La maison est calme, vivre dans cette maison me fait du bien. J'aime son silence. Je n'ai jamais autant profité de cet espace que maintenant. Ici, il n'y a que de la vie, aucun fantôme et pas de loup cachés dans les placards. Pas d'ex-mari, pas de de mari, donc pas de ciel mon mari, jamais. 

C'est une maison ouverte et douce qui a une âme et qui sent bon le miel et la fleur de pommier. Il n'y a que du bonheur entre ces murs et de grands éclats de rire, du plaisir. Même les larmes qu'on écrase avec deux doigts comme la flamme d'une bougie y ont bon goût.

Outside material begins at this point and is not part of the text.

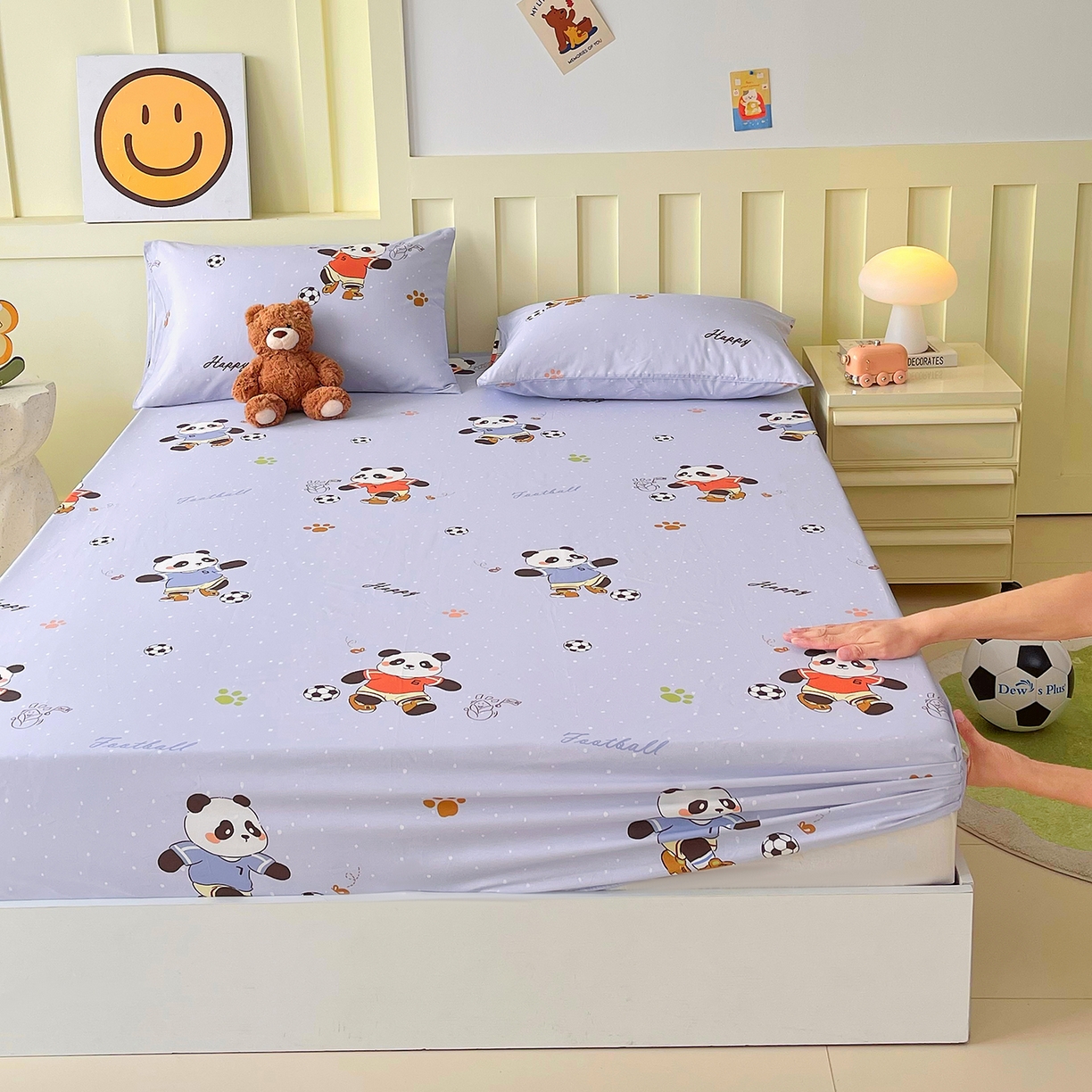 91家纺网 家纺一手货源 找家纺 金鑫汇家纺 2026新款13070全棉单品套件系列-成人床：A版单床笠 足球争霸赛-灰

J'éprouve ce plaisir étrange de flotter et je ne marche pas, je glisse les pieds dans des chaussettes rouges et mes sandales au look japonais qui faisaient bien rire Jack, je glisse comme sur un nuage la chose est bien étrange enfin je ne m'attendais pas à ça, à cette liberté ultimement consentie assumée, choisie et embrassée, je me sens si libre soudain et heureuse d'avoir enfin trouvé-retrouvé en moi cet espace pour créer sauvagement et de tout mon corps pour que tout éclate à l'intérieur, que tout se fragmente et se resoude instantanément si bien que la sission, la fissure n'y survit pas et qu'elle disparaît enfin à jamais. À proprement parler.

Et surtout le plaisir, cet incroyable désir d'exposer les jeux du langage et de ma vie à des milliers de regards inconnus qui en retour me donnent leurs textes à lire, à écouter. Ultimement sublime.